After a few more corks are popped, I ask Becker and Touquette what Napa means to them. Touquette answers quickly and passionately. “It’s the sense of community. The connections we have here with others. The sense of place. We live here so it matters to us. This is where we are raising our children.” Becker is more measured. “I’ don’t know yet,” he says. “It’s changing. We probably resonate more with the pioneers. Jack Cakebread. Frank Farella. We’re a little bit of a throwback. We’re not backed by institutional capital,” he adds, citing the recent sale of Napa Valley icons Shafer and Phelps to large, global corporate entities. "We aren’t family owned, either. It’s us---friends----and a small group of investors. For me and Benoit, it’s a passion and a livelihood versus just a business project.” 
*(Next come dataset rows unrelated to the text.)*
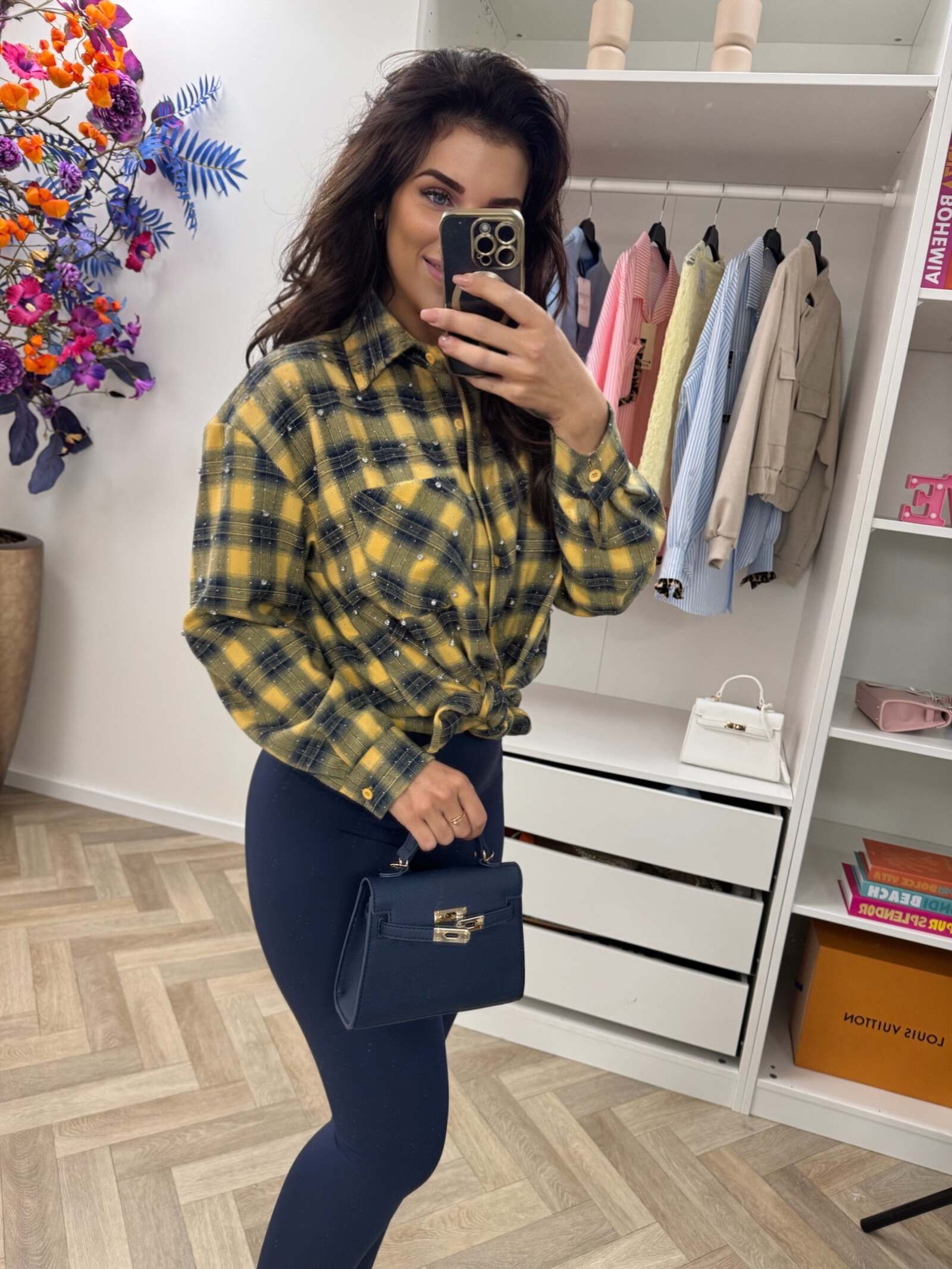Ruit blouse Diamonds Yellow Navy EN126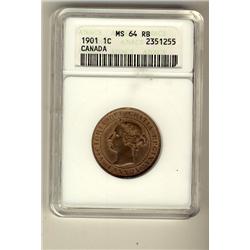 1901 1¢ ANACS MS64 RB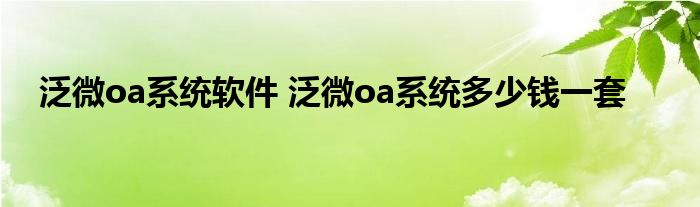 泛微oa系统软件 泛微oa系统多少钱一套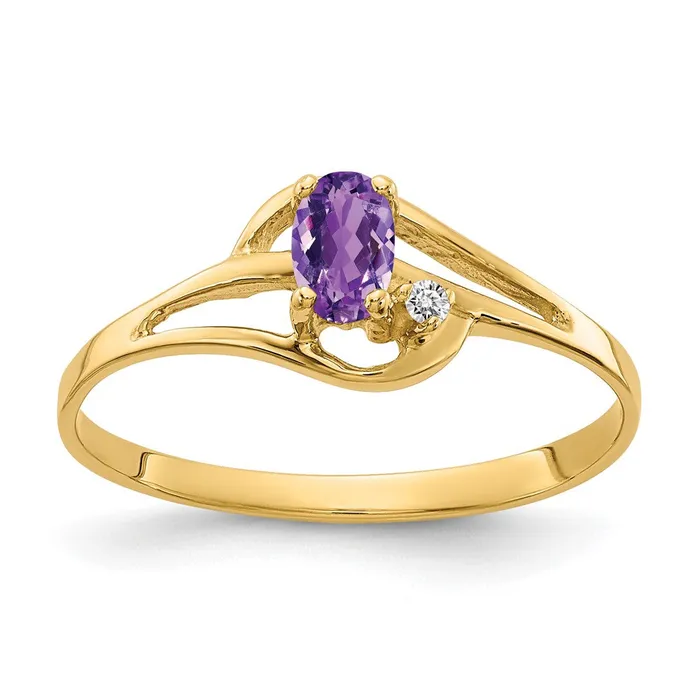 Rings 14K Yellow Gold 5x3mm Oval Amethyst AAA Real Diamond ring Goldiacom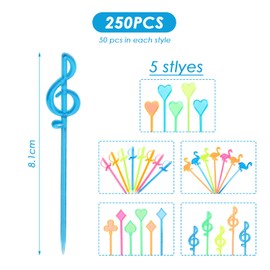 250 Pieces Fruit Forks, Love Fruit Forks, Music Note Fruit Forks, Cocktail Sticks Poker, Dessert Decoration Sticks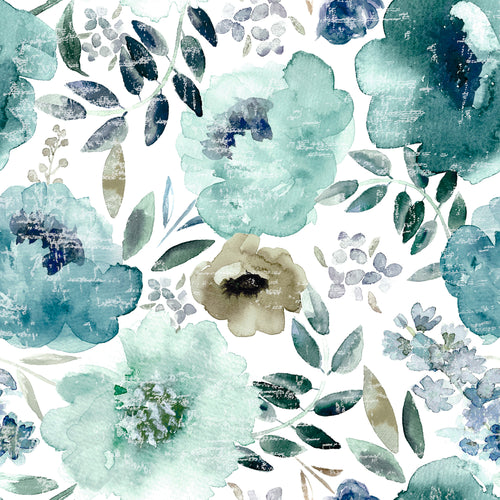 Floral Blue M2M - Peony + Delphinium Teal Floral Fabric Sample Evans Lichfield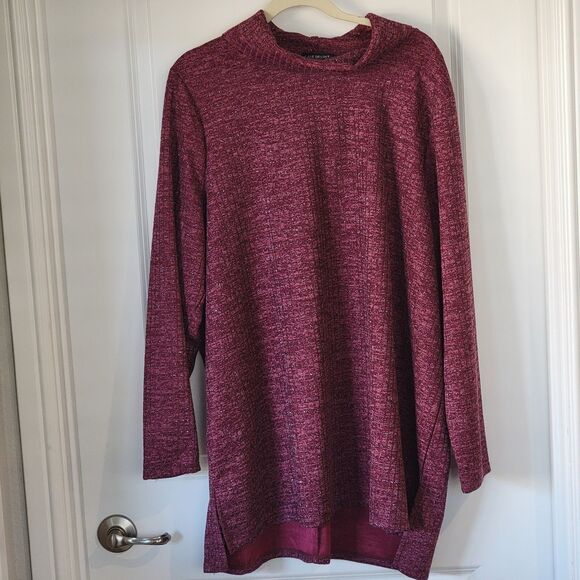 Lane Bryant Cowl Sweater Pullover Burgundy Plus Comfy Professional Women's 22/24 - Picture 1 of 5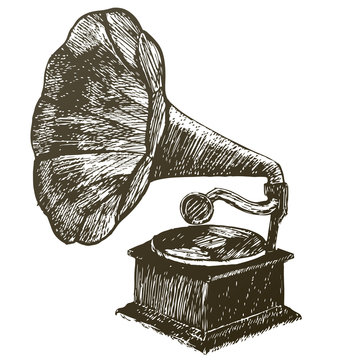 Hand drawn gramophone, sketch. Vintage vector illustration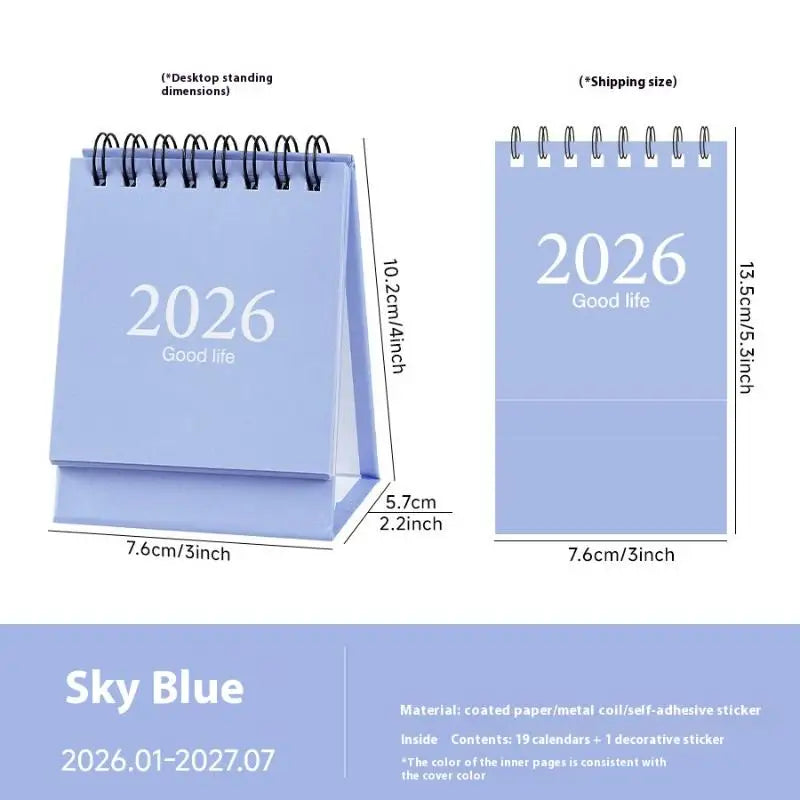 【MAX-55】Mini-Tischkalender 2026, kleiner Stand-Flip-Wochenkalender, kreativer Spulenkalender, Planer für die tägliche Zeitplanplanung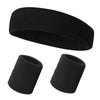 Black sports headbands for fitness and activity, shown in a multi-pack.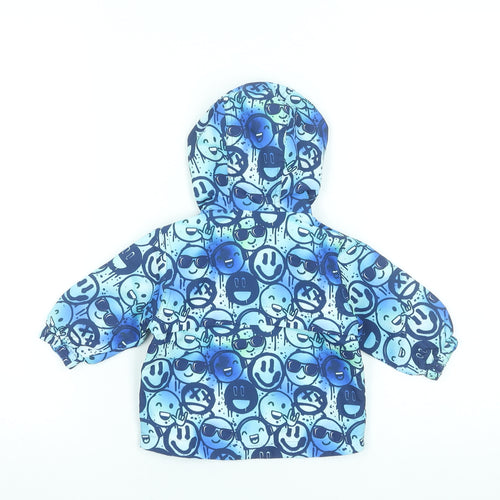 NEXT Unisex Baby Blue Cartoon Hooded Rain Jacket 6-9 Months Polyester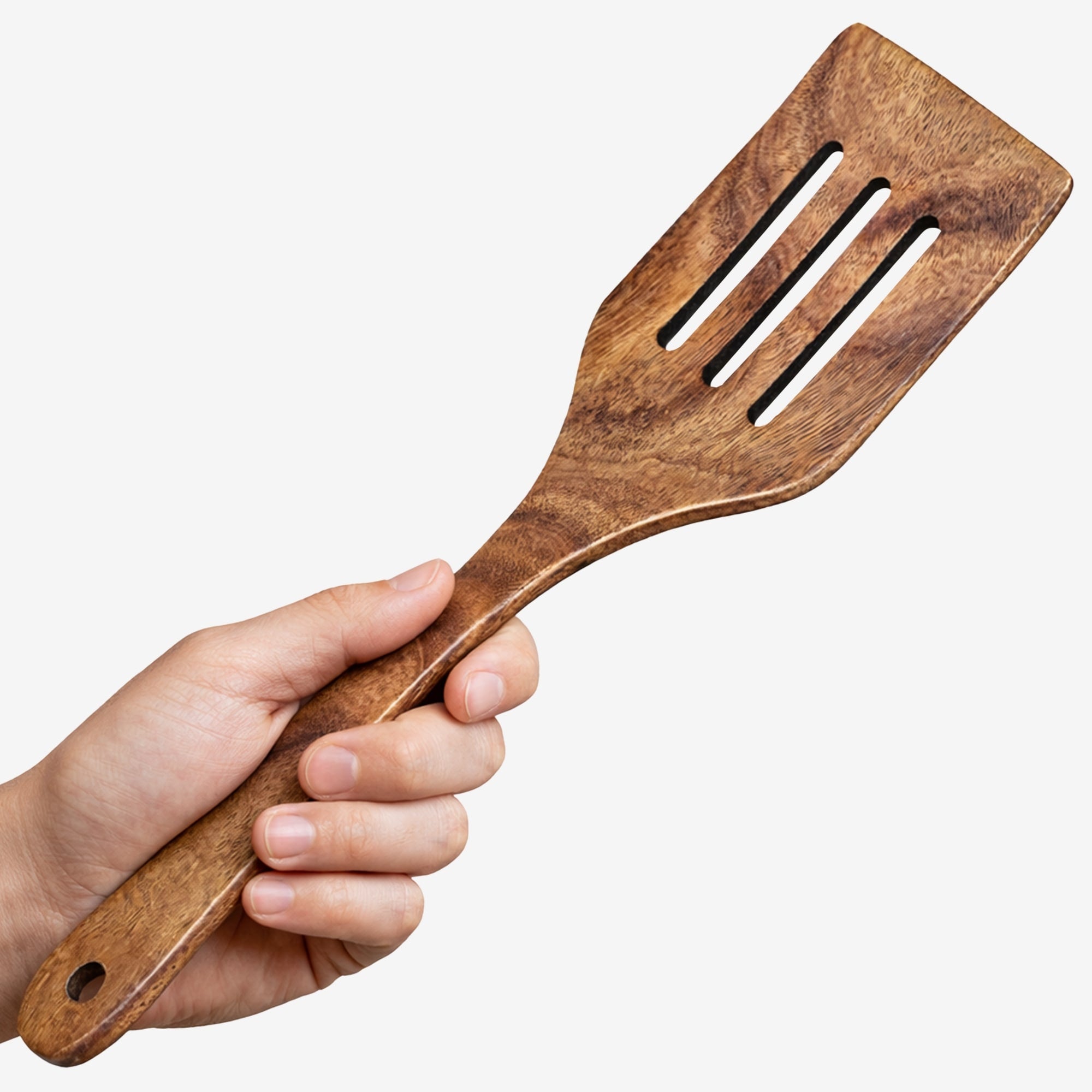 Cheer Collection Teak Wood Slotted Cooking Spatula With Drain Slots For Nonstick Cookware
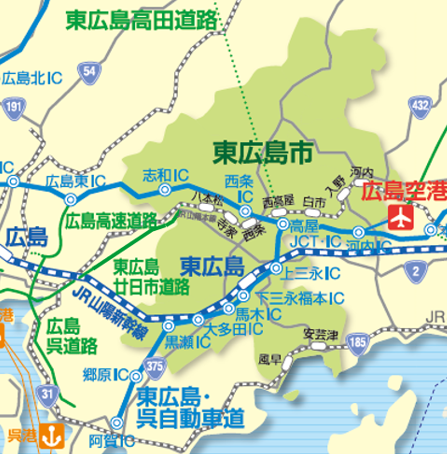 広島県外から東広島市へ訪れるための概略地図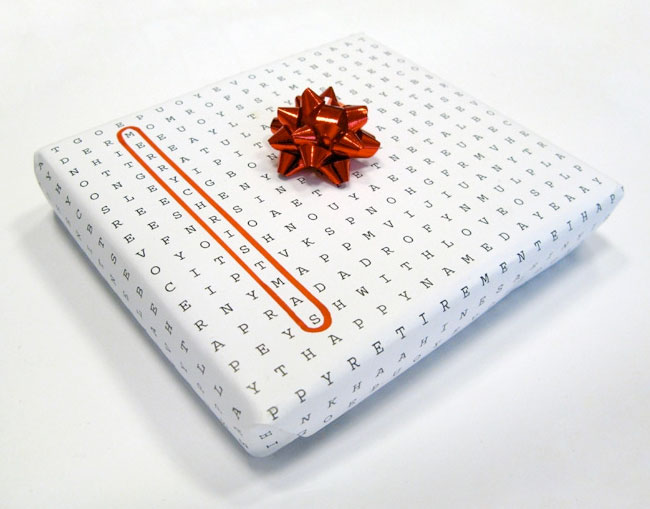 Word-search pattern creates wrapping paper for any occasion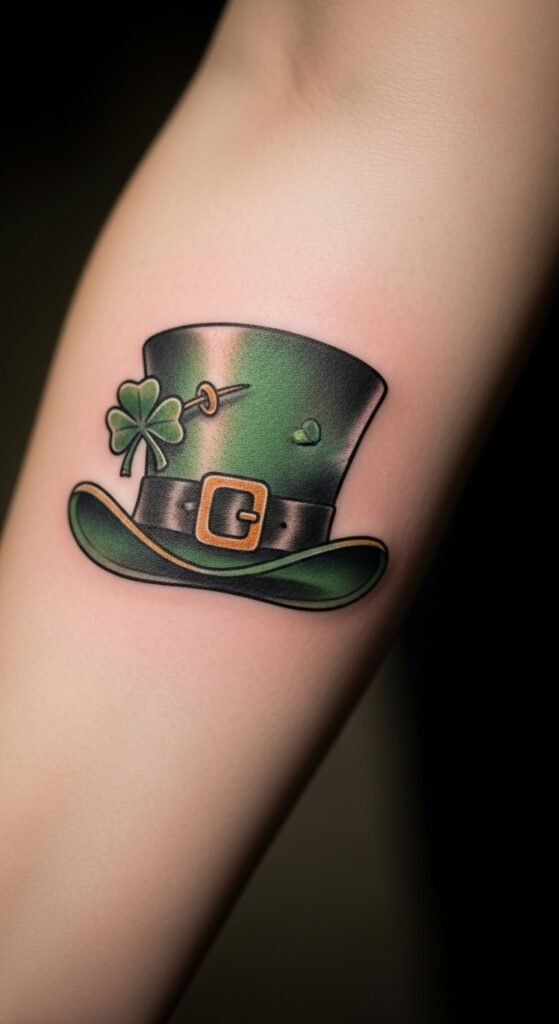 Hat With a Tilted Clover Pin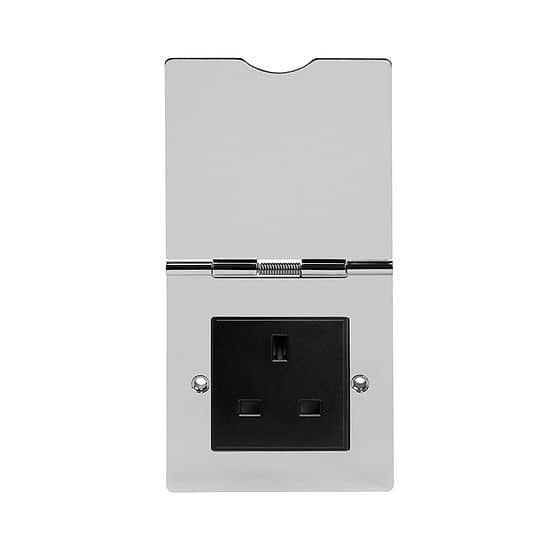 Soho Lighting Polished Chrome 13A Euromod Floor Outlet Socket 1 Gang Blk Ins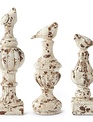 Set of 3 Whitewashed Finials w/ Birds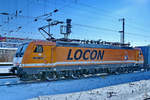 Die Elektrolokomotive 189 821-2 (LOCON 502) war im Februar 2021 in Wanne-Eickel zu sehen.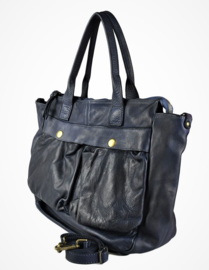 Vintage leren shopper tas met vakken donkerblauw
Are they surprised by their success? Becker says, “Yes and no. Yes, in that we never take it for granted. No, in that it’s exactly what we set out to do. We’ve always wanted people to be moved by their experience of Realm.”

How do they feel their success has been received by their colleagues? Touquette grows suddenly solemn, “In 2011, when we got awful scores, I got a lot of texts. ‘Sorry man.’ That kind of thing. When we bought Hartwell and then Nine Suns, there were fewer texts. A lot of the calls just stopped.” Touquette looks down at his plate. Becker adds, as if trying to sustain the previously positive mood, “We don’t listen to the noise.” 

Becker pours us the 2019 The Absurd. Touquette buries his nose into the glass. We all take a long moment to smell it. It’s a beauty. “Not bad,” Touquette finally says. The 2019 is dedicated to former Realm customer, Scott Canepa. “He was larger than life. Crazy, generous. But so gentle. He was number #86 on our mailing list. I will never forget that.” His voice trails off. We all go quiet when he suddenly begins weeping. He’s wiping his eyes, but the poignancy of whatever he’s feeling won’t leave him. “Sorry,” he says.

Becker, with the assistance of Foley, continues the story. When Canepa’s ashes were to be interned, they tell me, his family requested they be placed inside an empty bottle of Realm. The Realm team worked closely with the internment service staff, providing them with a hand-painted rendering of The Absurd label on an empty jeroboam of Realm. After a time, Touquette rejoins the conversation. “His family was happy with it.”

Realm wines are coveted on the secondary market and are often sought out by collectors. How do they feel about their wines being sought out by an historically discerning group? “As long as they drink them, you know?” Touquette says. “I love watches.” He grabs hold of the watch he’s wearing. “I collect watches. I have beautiful ones. I wear them. Why buy a watch and never wear it? Just to keep it in the box in a drawer. No, they are meant to be enjoyed. Same with beautiful wines. If you pay attention to a wine, it can change your life in that moment.” 

We end our dinner with a glass of champagne. “It’s a house rule,” Becker tells me. “We don’t go out as a team that often, but when we do, we always start with a glass of champagne and end with a glass of champagne.” After bidding my goodbyes, I head out into a warm, summer night. The businesses surrounding us are shuttered for the night, their storefronts dark. My brother pulls up to the curb. I’ve been staying with him while working on this story and he kindly agrees to pick me up. On the way back to his place, our childhood home, located just a few miles as the crow flies from the Whiskey Hotel, I tell him all about my adventures at Realm. We continue our talk over a couple of cold beers well into the night.